What you need Amazon for is access to a market: 200 million or so readers who already browse and buy online. But don’t conflate Amazon’s user base with Amazon. If you buy into the KDP (or other “publishing” platforms; Amazon/Kindle is largest, so sees the most converts) — you’re just admitting that this Captured Market is more important to you than reaching out to all readers.
I get it. It’s easy.
Not only did they build up the reader base – they handed you a key. Sure: it’s easier to game a system that only serves a small subset of super-avid readers, those who read dozens of books each month — rather than risk putting yourself out there for the market to decide your worth. Most folks only read one book a year. One in four read no books at all.

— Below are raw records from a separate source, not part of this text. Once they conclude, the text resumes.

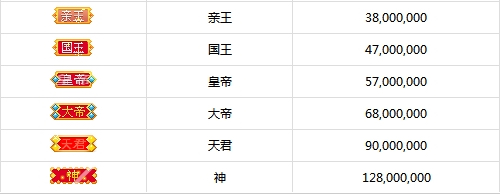 《酷狗直播》各等级价格一览表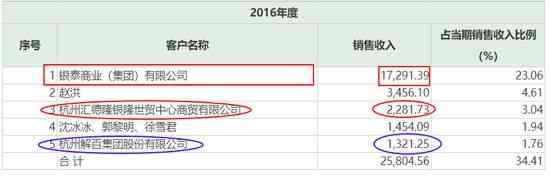 曼卡龍今日金價(哪家黃金最好排名)插圖7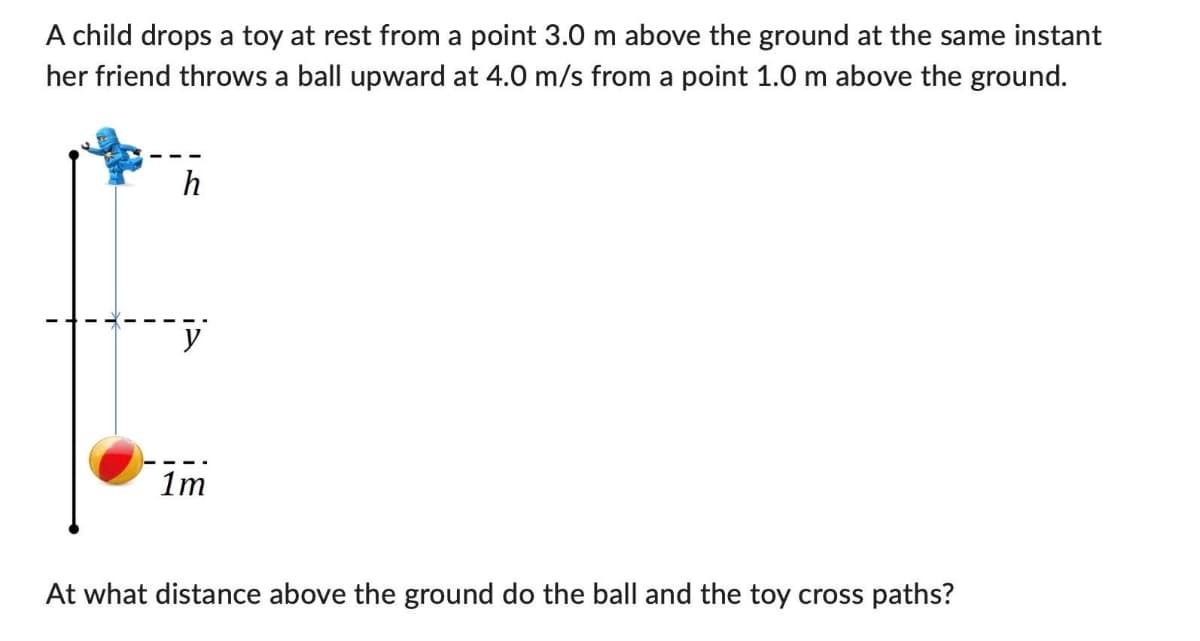 A child drops a toy at rest from a point 3.0 m above the ground at the same instant
her friend throws a ball upward at 4.0 m/s from a point 1.0 m above the ground.
---
h
y
1m
At what distance above the ground do the ball and the toy cross paths?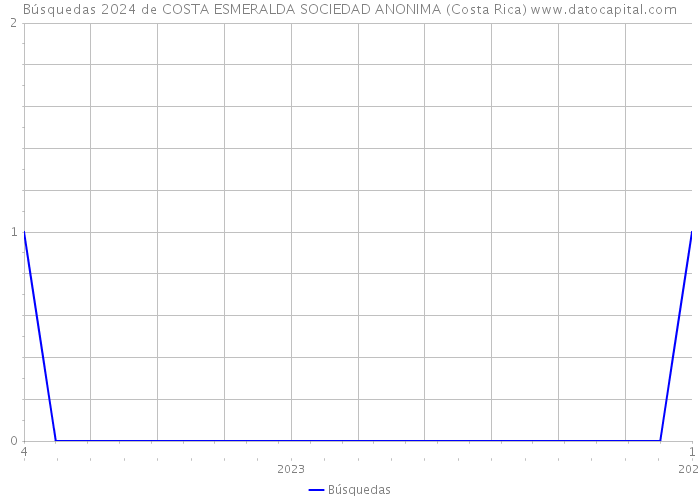 Búsquedas 2024 de COSTA ESMERALDA SOCIEDAD ANONIMA (Costa Rica)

But don’t tell me that your mastery of the online-tutorial-levels of publishing means you’ve “won the game” and the rest of publishing is superfluous. What’s the real differentiator? How do we know which e-books are truly the winners? And does an Online success necessarily mean the same book won’t also succeed in bookstores?
https://www.google.com/search?q=Amanda+Hocking
https://www.google.com/search?q=E+L+James
Amazon wrote your book for you? Amazon created the fan base?
You’re telling me steampunk, lycan, faerie and fey and otherkin, and the various and ever expanding vampire fandoms, plus dozens more fandoms I’m thankfully ignorant of – none of these existed before Amazon? Or that none of these fandoms existed before the Kindle?
I totally get that signing up for KDP is easy — and if you’ve already written something and have either felt slighted or completely ignored by the current publishing industry — Amazon seems like your savior. Just remember: the web has already given you all you need to ‘publish’ a book. Indeed, ebooks are nothing but web pages — and web pages can do a lot more, if you’d care to try.